One-ounce gold bars are usually a better option for those who look at gold as a long-term investment and want the optimal price. However, because they’re larger — and, therefore, more expensive to purchase — they have a higher barrier to entry that not everyone can afford.
When to invest in 1-gram gold bars
While 1-gram bars aren’t quite as recommended by gold experts as 1-ounce bars, they’re by no means a bad investment. They are more affordable and have a lower barrier to entry, meaning it’s easy to get started with gold investing without a huge commitment.
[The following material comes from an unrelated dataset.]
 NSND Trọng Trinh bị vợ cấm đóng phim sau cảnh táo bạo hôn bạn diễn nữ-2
If you’re brand-new to gold investing, 1-gram bars may be where you start.
One-gram bars are also a great option for those who want to diversify their investment portfolios by adding some precious metals, but who don’t want to allocate a large portion of their assets there.
“Gold has nearly doubled in five years, so for people who have been buying gold for a long time, it doesn’t matter too much which option they chose – they’re all coming out ahead,” says Elliott.
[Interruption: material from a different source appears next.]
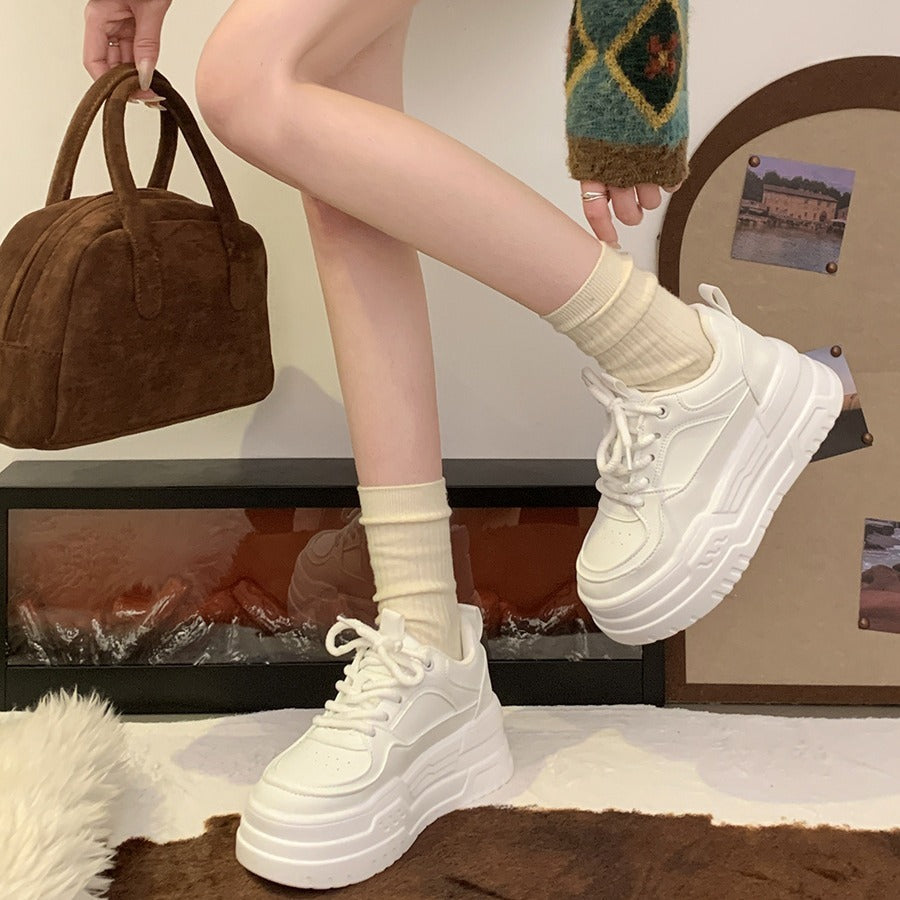 Elevé Platform Sneakers – Lightweight Lift in White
Gold investment alternatives to consider
Many new gold investors prefer to get started with gold coins rather than bars. People often go this route if they’re interested in gold as a collectible. Coins are smaller, more affordable and easier to store. However, like small gold bars, they also tend to have a higher premium over the spot price.
If you’re interested in gold bars but aren’t sure if either the 1-ounce or 1-gram bars are for you, consider some of the other sizes on the market.
“10-gram and 20-gram bars are often overlooked but offer a great addition to your portfolio,” says Bryan. “They carry much lower premiums than 1-gram bars and offer more flexibility than a full ounce. You’re getting better value per gram without committing to a large purchase, which is ideal for investors looking to scale gradually without overpaying.”
On the other end of the spectrum, you could opt for larger gold bars. If you’re a serious gold investor who wants to make a large purchase, you might consider anything from 50-gram to one-kilogram gold bars.
Finally, some investors may opt for gold stocks and ETFs rather than physical gold. While you won’t own the tangible piece of gold, you will gain gold exposure in your portfolio. This saves you the effort and cost of storing your gold, but according to Bryan, it’s not most people’s preference.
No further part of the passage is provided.